Kombucha brands get in a groove when fruit becomes the frame.
Picture this. (Or take a picture, like I did.)
You’re selling a trendy fermented beverage that’s been taking over cold cases by the gallon the past decade or so. It comes in a variety of flavors, probably. And color moves flavor from eyeballs to tastebuds faster than almost anything. Spread color dynamics across a wall of SKUs and suddenly you’ve got a product line.
It’s good. Perfectly sensible.
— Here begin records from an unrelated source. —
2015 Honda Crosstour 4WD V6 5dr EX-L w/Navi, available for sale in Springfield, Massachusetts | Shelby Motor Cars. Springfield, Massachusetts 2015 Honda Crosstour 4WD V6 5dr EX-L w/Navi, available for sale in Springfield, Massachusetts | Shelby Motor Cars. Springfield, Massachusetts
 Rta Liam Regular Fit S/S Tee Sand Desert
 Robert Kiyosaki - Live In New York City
But also completely invisible as soon as everyone falls in line — which they did — and now we’re overwhelmed and thirsty, staring into a fridge that looks like a music festival lost its luggage.
Raspberry gradient, tie-dyed everything that stopped being its own thing, because it’s also everyone else’s thing.
Exhibit A
The primary challenge here being working within a category defined by “health.” Vibrant color equals vibrant life. It’s a hill nobody wants to climb down from. Mandalas, hippie symbology, white containing shapes doing God’s work against bursting backgrounds. It’s a healthy shot of irony that a category dominated by peace signs is so visually shouty.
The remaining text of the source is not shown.